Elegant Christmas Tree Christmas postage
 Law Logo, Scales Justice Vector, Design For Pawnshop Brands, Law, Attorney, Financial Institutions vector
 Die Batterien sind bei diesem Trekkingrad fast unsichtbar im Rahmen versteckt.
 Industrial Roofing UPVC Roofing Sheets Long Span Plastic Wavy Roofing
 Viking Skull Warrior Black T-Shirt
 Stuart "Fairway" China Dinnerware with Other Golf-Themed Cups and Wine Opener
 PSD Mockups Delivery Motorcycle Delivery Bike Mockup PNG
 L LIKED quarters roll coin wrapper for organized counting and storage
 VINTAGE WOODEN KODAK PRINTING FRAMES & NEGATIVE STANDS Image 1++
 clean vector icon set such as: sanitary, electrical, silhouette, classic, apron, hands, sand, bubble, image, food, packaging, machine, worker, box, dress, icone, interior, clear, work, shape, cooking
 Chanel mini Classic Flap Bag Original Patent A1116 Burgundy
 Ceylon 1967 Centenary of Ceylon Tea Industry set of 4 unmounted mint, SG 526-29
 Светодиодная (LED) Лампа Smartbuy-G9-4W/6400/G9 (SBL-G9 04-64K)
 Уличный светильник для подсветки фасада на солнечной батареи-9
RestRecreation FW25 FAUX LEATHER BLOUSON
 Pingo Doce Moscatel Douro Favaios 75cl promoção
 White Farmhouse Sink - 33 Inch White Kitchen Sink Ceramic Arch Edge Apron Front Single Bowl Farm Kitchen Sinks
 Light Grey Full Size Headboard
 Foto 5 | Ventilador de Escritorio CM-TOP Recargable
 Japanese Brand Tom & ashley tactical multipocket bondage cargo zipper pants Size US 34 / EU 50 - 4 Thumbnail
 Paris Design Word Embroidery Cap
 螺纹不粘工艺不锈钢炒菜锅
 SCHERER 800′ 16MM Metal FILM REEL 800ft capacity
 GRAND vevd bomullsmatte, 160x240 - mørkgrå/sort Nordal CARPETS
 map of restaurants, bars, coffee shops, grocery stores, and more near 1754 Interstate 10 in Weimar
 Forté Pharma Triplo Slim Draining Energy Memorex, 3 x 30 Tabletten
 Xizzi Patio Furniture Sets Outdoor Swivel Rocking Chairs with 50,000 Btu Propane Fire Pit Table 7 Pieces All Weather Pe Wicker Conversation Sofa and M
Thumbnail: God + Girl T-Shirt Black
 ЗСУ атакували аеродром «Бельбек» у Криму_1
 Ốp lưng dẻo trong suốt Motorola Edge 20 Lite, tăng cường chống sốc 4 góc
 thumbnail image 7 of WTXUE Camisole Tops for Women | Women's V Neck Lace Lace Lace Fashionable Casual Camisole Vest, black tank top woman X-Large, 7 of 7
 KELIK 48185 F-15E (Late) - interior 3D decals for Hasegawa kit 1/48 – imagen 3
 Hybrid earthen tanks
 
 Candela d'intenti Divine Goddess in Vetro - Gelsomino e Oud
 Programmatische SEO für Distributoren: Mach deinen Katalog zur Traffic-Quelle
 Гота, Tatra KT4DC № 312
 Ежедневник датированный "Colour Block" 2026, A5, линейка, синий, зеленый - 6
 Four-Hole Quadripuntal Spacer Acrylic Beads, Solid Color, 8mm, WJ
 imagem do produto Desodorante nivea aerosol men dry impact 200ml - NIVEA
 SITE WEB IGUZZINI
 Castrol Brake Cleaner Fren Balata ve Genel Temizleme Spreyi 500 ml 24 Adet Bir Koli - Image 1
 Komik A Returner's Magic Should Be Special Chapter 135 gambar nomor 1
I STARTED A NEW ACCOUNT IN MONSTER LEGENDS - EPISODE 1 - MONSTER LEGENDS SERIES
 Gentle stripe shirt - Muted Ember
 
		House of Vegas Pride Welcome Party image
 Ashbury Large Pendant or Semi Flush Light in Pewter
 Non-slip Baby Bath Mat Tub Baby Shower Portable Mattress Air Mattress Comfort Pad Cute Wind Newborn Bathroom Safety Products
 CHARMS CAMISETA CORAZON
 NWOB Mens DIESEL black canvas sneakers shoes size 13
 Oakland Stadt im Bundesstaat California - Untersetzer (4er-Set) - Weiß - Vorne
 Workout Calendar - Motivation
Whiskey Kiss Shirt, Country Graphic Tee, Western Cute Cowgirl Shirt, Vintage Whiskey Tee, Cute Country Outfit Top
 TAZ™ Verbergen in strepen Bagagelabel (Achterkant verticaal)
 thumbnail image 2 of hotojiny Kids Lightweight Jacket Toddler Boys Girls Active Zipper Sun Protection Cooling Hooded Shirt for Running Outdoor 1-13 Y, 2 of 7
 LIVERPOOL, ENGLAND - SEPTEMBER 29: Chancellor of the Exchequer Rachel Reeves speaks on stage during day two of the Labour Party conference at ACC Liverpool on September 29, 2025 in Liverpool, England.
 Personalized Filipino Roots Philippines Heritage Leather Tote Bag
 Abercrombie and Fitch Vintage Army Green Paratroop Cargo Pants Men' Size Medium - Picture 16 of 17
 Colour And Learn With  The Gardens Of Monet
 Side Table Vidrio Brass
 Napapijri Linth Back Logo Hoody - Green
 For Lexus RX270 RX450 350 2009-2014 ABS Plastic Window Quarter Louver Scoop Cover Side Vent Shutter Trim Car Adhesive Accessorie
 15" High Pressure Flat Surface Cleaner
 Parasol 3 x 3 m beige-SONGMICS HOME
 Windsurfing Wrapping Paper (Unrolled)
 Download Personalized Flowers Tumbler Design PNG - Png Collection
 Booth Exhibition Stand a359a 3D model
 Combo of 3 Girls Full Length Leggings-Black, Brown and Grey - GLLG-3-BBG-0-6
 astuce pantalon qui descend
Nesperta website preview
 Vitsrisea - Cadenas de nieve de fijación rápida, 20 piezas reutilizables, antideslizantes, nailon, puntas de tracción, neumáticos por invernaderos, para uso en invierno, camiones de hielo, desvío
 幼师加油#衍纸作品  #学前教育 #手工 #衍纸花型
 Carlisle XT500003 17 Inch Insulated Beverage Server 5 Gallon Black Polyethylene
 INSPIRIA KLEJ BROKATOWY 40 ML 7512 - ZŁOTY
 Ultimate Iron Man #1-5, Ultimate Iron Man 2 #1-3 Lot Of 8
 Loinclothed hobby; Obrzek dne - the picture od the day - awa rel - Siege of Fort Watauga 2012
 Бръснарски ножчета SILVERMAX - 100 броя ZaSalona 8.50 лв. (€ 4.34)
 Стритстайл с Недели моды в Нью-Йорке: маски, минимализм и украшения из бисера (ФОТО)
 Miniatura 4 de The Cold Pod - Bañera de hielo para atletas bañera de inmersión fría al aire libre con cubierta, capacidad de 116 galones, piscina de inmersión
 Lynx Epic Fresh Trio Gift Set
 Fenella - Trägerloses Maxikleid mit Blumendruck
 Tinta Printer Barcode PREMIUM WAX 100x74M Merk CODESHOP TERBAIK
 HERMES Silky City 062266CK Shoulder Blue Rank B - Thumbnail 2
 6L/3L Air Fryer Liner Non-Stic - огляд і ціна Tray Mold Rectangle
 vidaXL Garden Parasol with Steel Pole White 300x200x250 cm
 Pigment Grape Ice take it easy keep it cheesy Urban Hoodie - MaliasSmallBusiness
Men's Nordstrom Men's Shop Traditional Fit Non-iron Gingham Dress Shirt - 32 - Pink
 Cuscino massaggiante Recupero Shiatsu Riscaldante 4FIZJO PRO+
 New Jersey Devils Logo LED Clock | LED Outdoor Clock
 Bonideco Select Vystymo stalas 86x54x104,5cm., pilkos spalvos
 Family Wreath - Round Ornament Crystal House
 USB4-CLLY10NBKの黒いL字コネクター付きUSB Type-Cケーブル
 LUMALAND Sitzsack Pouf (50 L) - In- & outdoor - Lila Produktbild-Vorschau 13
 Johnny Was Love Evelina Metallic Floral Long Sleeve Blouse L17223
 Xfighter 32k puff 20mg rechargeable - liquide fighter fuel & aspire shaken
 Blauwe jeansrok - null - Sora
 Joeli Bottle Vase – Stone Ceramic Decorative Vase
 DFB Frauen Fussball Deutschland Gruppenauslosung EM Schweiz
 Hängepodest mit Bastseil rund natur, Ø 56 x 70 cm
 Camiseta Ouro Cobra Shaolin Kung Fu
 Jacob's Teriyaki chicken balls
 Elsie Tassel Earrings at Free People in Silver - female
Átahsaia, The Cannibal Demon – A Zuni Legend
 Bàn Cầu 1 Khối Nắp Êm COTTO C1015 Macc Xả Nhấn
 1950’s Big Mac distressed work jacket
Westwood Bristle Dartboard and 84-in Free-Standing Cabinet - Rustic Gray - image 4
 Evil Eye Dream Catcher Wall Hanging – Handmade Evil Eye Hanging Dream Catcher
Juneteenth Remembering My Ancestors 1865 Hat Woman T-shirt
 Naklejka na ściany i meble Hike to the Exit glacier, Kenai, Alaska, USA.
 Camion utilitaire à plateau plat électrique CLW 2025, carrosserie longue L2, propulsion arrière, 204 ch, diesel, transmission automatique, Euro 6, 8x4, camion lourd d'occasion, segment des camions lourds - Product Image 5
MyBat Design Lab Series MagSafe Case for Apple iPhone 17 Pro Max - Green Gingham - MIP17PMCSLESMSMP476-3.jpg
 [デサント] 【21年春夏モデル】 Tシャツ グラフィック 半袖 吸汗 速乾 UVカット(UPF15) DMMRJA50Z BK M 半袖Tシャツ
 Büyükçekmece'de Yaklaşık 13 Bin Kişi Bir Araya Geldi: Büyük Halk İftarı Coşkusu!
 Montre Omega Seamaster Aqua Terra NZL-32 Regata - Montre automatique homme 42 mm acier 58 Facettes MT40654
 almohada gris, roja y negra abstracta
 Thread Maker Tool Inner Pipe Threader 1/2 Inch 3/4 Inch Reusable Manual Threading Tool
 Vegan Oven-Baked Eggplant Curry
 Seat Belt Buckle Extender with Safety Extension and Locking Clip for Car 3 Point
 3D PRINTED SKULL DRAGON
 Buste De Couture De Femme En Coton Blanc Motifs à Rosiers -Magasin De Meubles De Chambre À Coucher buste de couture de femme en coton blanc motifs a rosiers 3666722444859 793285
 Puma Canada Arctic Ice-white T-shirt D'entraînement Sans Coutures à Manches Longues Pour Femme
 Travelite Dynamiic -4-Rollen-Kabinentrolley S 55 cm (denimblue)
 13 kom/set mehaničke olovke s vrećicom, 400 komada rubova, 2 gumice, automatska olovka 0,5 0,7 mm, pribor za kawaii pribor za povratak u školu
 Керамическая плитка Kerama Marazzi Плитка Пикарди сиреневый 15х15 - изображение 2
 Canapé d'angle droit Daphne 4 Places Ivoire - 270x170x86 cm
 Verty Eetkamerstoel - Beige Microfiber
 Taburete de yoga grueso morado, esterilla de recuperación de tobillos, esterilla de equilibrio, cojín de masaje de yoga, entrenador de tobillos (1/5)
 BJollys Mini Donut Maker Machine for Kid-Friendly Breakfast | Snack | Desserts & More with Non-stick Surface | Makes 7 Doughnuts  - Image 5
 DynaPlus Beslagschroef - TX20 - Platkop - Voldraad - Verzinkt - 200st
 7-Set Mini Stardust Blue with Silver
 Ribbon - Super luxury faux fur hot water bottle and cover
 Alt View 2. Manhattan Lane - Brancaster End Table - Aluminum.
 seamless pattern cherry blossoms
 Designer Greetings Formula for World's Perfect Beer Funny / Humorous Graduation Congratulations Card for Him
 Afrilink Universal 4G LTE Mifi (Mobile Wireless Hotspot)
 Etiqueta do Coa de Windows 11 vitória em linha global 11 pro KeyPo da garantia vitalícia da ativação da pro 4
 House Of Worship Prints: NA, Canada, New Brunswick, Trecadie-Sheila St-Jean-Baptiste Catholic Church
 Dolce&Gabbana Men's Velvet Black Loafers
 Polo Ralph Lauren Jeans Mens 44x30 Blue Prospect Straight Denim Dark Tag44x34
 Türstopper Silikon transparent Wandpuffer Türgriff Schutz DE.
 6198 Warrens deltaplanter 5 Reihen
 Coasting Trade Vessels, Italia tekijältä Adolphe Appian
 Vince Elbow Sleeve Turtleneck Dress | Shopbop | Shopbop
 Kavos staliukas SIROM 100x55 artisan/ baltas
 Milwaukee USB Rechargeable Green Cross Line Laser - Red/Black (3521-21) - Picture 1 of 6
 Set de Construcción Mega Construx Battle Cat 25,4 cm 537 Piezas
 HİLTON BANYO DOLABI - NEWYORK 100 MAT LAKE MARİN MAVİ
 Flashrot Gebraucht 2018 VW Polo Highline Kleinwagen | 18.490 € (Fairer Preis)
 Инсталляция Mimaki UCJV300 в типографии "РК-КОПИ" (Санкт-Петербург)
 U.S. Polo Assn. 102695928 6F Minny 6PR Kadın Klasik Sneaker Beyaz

--------

● **YOUR ASSIGNMENT**: The lines to extract from the data above begin with the line containing "LIVERPOOL, ENGLAND - SEPTEMBER" and end with the line containing "Nesperta website preview". Extract them exactly, including both.

● **EXPECTED ANSWER**:
 LIVERPOOL, ENGLAND - SEPTEMBER 29: Chancellor of the Exchequer Rachel Reeves speaks on stage during day two of the Labour Party conference at ACC Liverpool on September 29, 2025 in Liverpool, England.
 Personalized Filipino Roots Philippines Heritage Leather Tote Bag
 Abercrombie and Fitch Vintage Army Green Paratroop Cargo Pants Men' Size Medium - Picture 16 of 17
 Colour And Learn With  The Gardens Of Monet
 Side Table Vidrio Brass
 Napapijri Linth Back Logo Hoody - Green
 For Lexus RX270 RX450 350 2009-2014 ABS Plastic Window Quarter Louver Scoop Cover Side Vent Shutter Trim Car Adhesive Accessorie
 15" High Pressure Flat Surface Cleaner
 Parasol 3 x 3 m beige-SONGMICS HOME
 Windsurfing Wrapping Paper (Unrolled)
 Download Personalized Flowers Tumbler Design PNG - Png Collection
 Booth Exhibition Stand a359a 3D model
 Combo of 3 Girls Full Length Leggings-Black, Brown and Grey - GLLG-3-BBG-0-6
 astuce pantalon qui descend
Nesperta website preview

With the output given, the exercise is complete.